After Sly and the Family Stone’s legendary Woodstock performance in 1969, there was a change within the group. Differences between Sly and other members — especially Larry Graham — created a rift in the group, but it also laid the foundation for their most important body of work. Sly’s everyday life may have been clouded by drug use, but the Black Panther movement of the late ’60s and early ’70s gave him a new awareness of the social climate that existed.
Before the release of this landmark project, Sly and the Family Stone were known for their poppy, upbeat psychedelic soul anthems. Sly, Freddie and Rose Stone, alongside Cynthia Robinson, Jerry Martini, Larry Graham and Greg Errico made magic as a collective, but it was time for a change. There’s a Riot Goin’ On was a departure from the band’s original sound, and it contained much darker concepts than previous efforts.
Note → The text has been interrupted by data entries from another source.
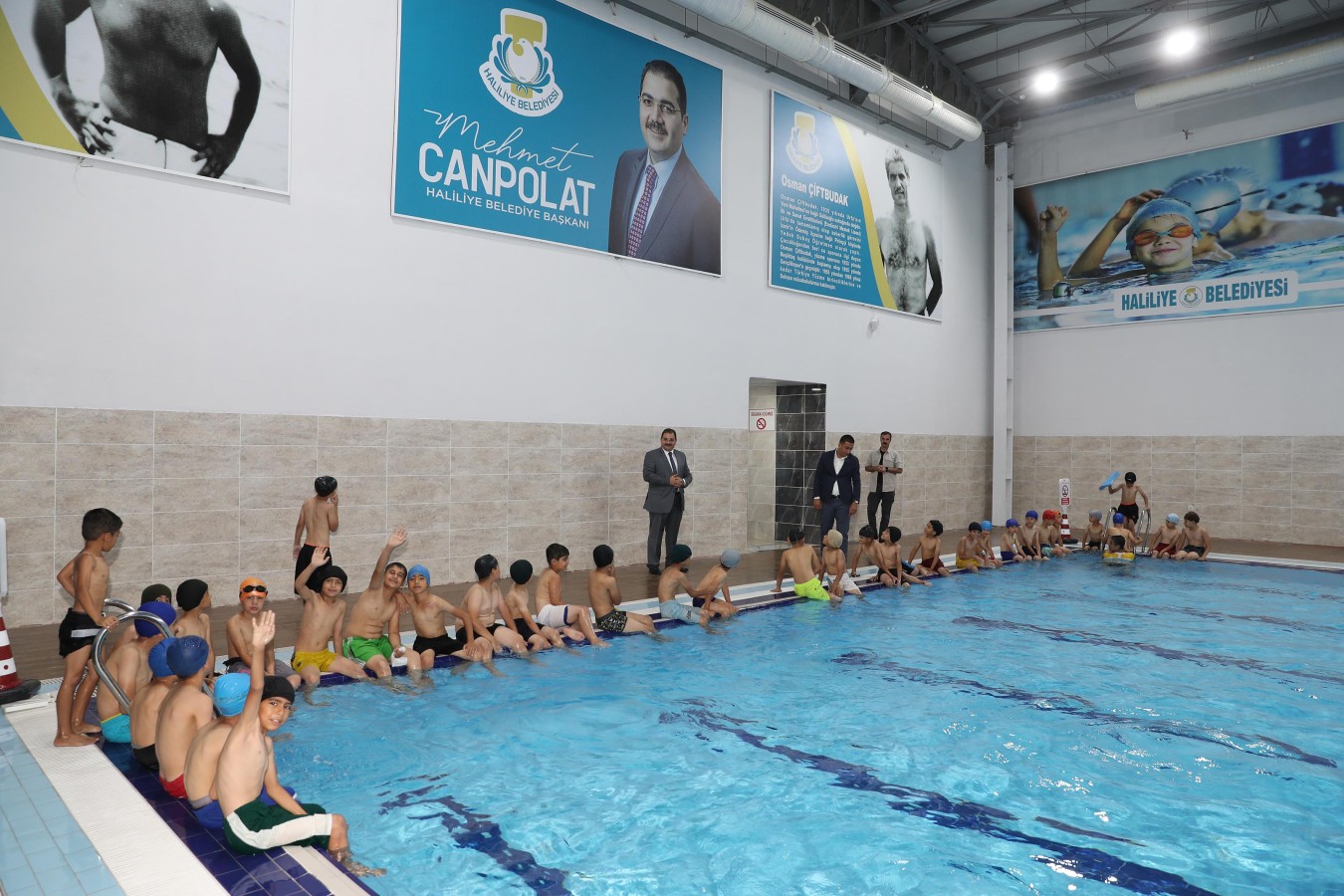 Haliliye’de gençler yazı sporla geçiriyor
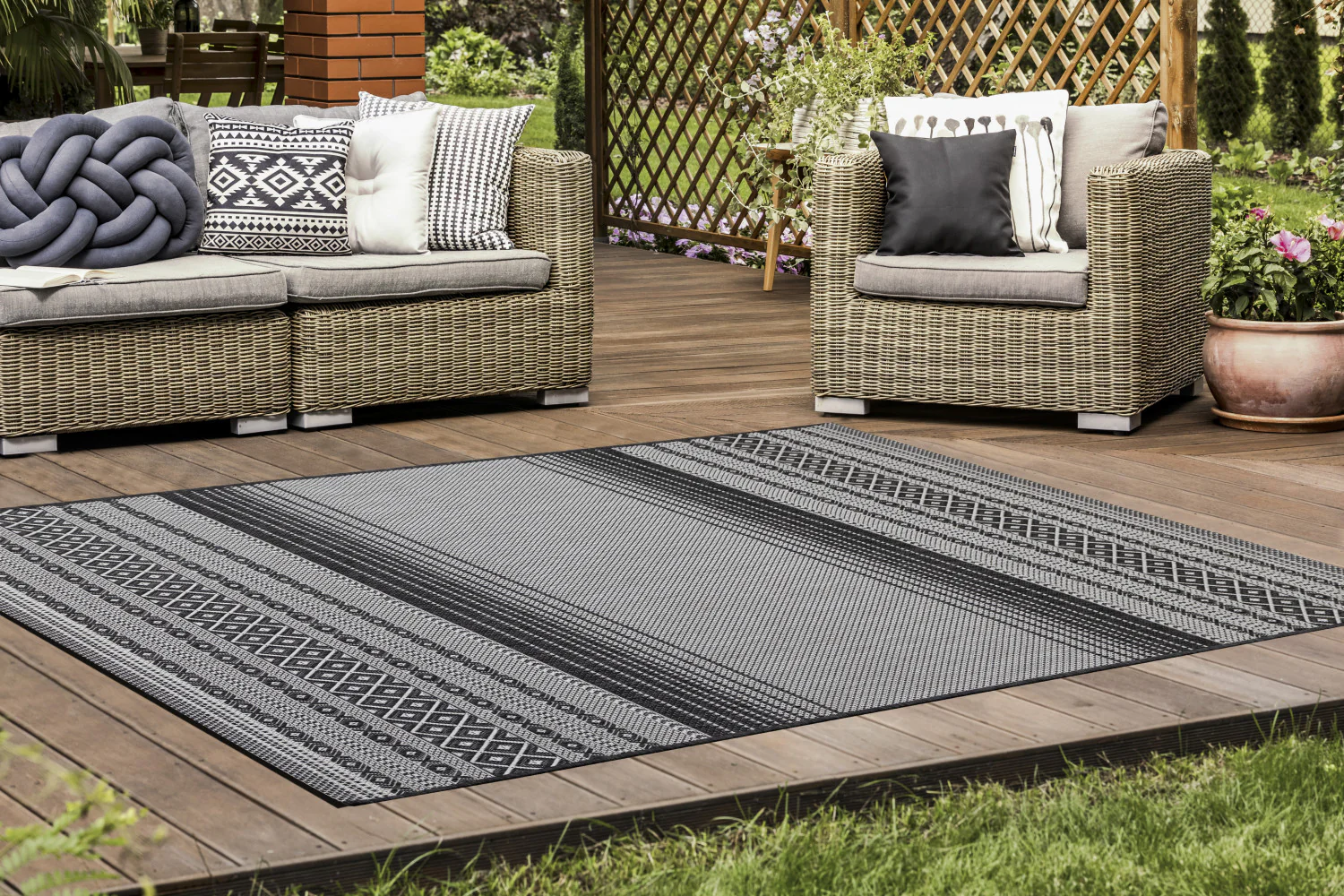 Jango Indoor/Outdoor Tribal Area Rug - 5' X 7' - Grey/Black - Image 2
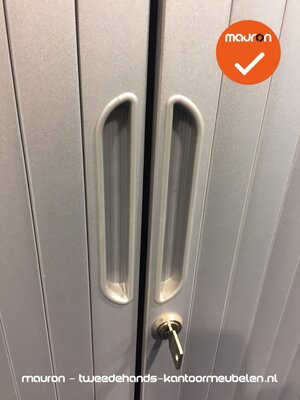 Roldeurkast - Ahrend - 144x120x45cm - Zilvergrijs - grijze deuren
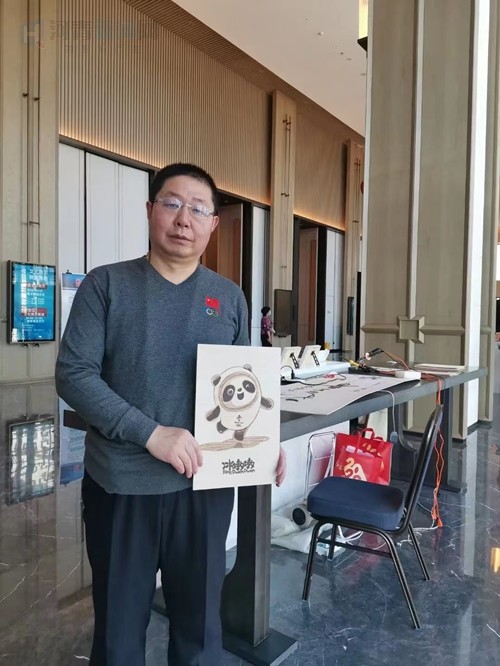 相约冬奥新春走基层烙画版冰墩墩出圈传承人田永明用手中的烙笔为冬奥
Sly’s hollowed out and heavily overdubbed vocals, and the ominous drum patterns over an experimental funk melody, created a body of work that would forever impact the craft of musicianship.
Recorded at Sly Stone’s home in Bel Air and at The Record Plant in Sausalito, There’s a Riot Goin’ On is a collection of thoughts and emotions from a man in self-imposed isolation. Often, the album’s eerie tones create a visual of Sly’s point of view. His affiliation with the Black Panthers made him disgusted at the current state of the world, and the battle within the group he worked so hard to build was taking its toll. At a point where drugs may have had a grip on Sly’s soul, he never sounded more creatively unrestricted.
The album opens with “Luv N’ Haight,” a song filled with distorted guitar riffs, symbolic of the drug induced bubble of Sly’s existence. The track includes lyrics such as, “Feel so good inside myself, don’t need to move/ As I grow up, I’m growing down/ And when I’m lost, I know I will be found.” His journey was one of uncertainty, both in life and in his career.
“Family Affair,” the album’s lead single, was anything but what the title implies. Sly’s addiction was breaking the group apart, and the song spoke to his experiences with the Family Stone, as well the environment around him. What is ironic about this song, then — which eventually reached No. 1 on the Billboard 100 — is that his family was barely involved at all. It was rumored that he played all the instruments on “Family Affair” by himself, and commissioned artists such as Bobby Womack, Bill Preston, and Ike Turner, rather than his bandmates, to lend a hand throughout the album.
Tracks such as “Time,” and “Spaced Cowboy,” were the true core of the LP. On “Time,” the lyrics speak about how much of it is wasted, and its fleeting nature. “Spaced Cowboy,” meanwhile, is just a day in the life of Sly, but it is also a representation of his creative genius.
It has been said that There’s a Riot Goin’ On was a direct response, even an addition, to Marvin Gaye’s magnum opus, What’s Goin’ On. The album mirrored the struggles of life, and it gave listeners a unique feeling that was much needed.